Just as was teased in the Proto, the only available engine will be a 1.5-liter turbocharged four-cylinder, and it’ll be officially rated at 200 horsepower and 192 pound-feet of torque (same output as the new Civic Si). A six-speed manual transmission with auto rev-matching will be available on the A-Spec model, but a continuously variable transmission (CVT) will be standard across the line. The CVT features “Step Shift” programming to simulate shifts, and also allows you to move the engine speed around with paddle shifters. We would’ve loved to see Acura figure out a way to use its 10-speed automatic in the Civic platform, but alas, the Civic’s CVT will be the only automatic option here. If you choose the six-speed manual — which we strongly suggest you do — the Integra gains a helical limited-slip differential that is not equipped to automatic cars.
Delving further into the performance realm, the Integra gets an optional adaptive damper system. If you recall, Honda dropped the adaptive dampers from this generation of Civic Si, making it a reason to upgrade to an Integra. The adaptive dampers have three settings: Comfort, Normal and Sport. Similar to other Acura models, the Integra features various drive modes to adjust throttle response, automatic transmission mapping, steering feel and gauge coloration. If you get the “A-Spec with Technology Package” model, an Individual mode is added that allows you to independently change all the modes separate from one another. It also adds an option to change the in-cabin sound. Acura says it’s fitted a “new coil type exhaust system” in an effort to enhance the sound, but the mode switching in the cabin will be for sound piped in over the speakers.
Moving to the interior, it’s clear that we’re looking at a Civic’s interior that’s been modified and tweaked for use in an Acura. Many hard points like the screens, climate controls and steering wheel appear the same as the Honda, but the dash design is new. Plus, we get a new vent design (no longer stretches all the way across the dash), new trims, different seats and likely a whole lot more that will be obvious when we finally get to sit in the Integra.

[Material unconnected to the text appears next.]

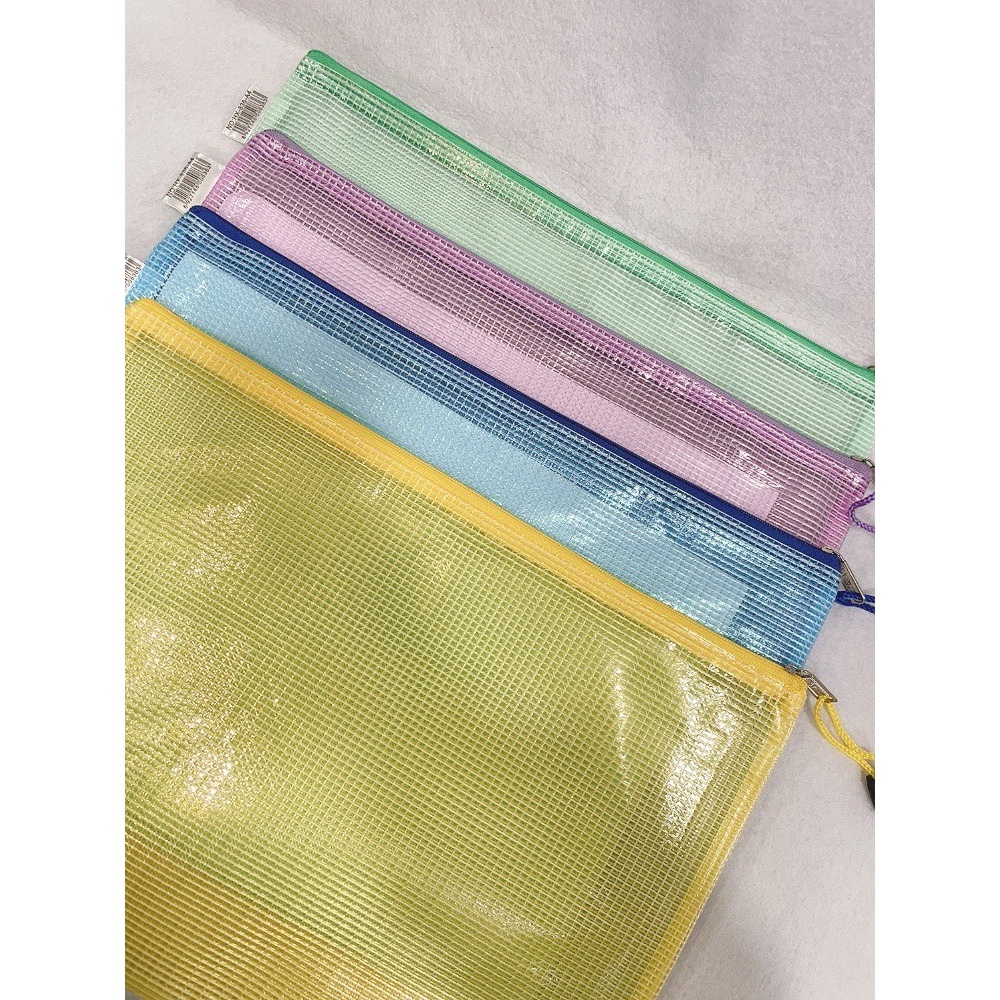 Túi Đựng Tài Liệu Nhiều Khổ  Bằng PVC Chống Nước Có Khóa Kéo Nhiều Màu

The tech itself looks pulled directly from the Civic. A 7-inch infotainment touchscreen display is standard, while a 9-inch-display is optional. Both are running what looks like Honda’s software and don’t feature Acura’s fancy True Touchpad technology. The standard infotainment has wired Apple CarPlay and Android Auto, but the 9-inch screen upgrades you to wireless versions of both. The standard instrument cluster is a 10.2-inch fully digital cluster, and you can augment this with an optional 5.3-inch head-up display. The HUD is part of the Technology Package that also includes a wireless phone charger, 16-speaker ELS audio system, rear USB Type C ports, 12-way power driver’s seat, 4-way power passenger seat, interior ambient lighting and more.
If you specifically go for the A-Spec without the Technology Package, you upgrade to gray 18-inch wheels with wider (235-section-width) performance all-season tires, gloss black window surrounds, gloss black front and rear trim, a lip spoiler and A-Spec badging. If you were curious, 17-inch wheels are standard, and 19-inch wheels are available as an option.
As for safety features, Acura includes its usual suite of driver assistance systems as standard, including automatic emergency braking, adaptive cruise control, lane-keeping assist, traffic sign recognition, blind spot warning and rear cross-traffic monitoring. Upgrade to the Technology Package, and you get front and rear parking sensors and low-speed braking control to stop low-speed accidents.
Full pricing details are still not available, but Acura says the Integra will start around $30,000 with deliveries beginning this spring. For those into NFTs, Acura says the first 500 reservations with a deposit placed will receive an Integra NFT. Of course, if that’s not something you’re into, you can simply not claim said NFT and go drive your real car instead.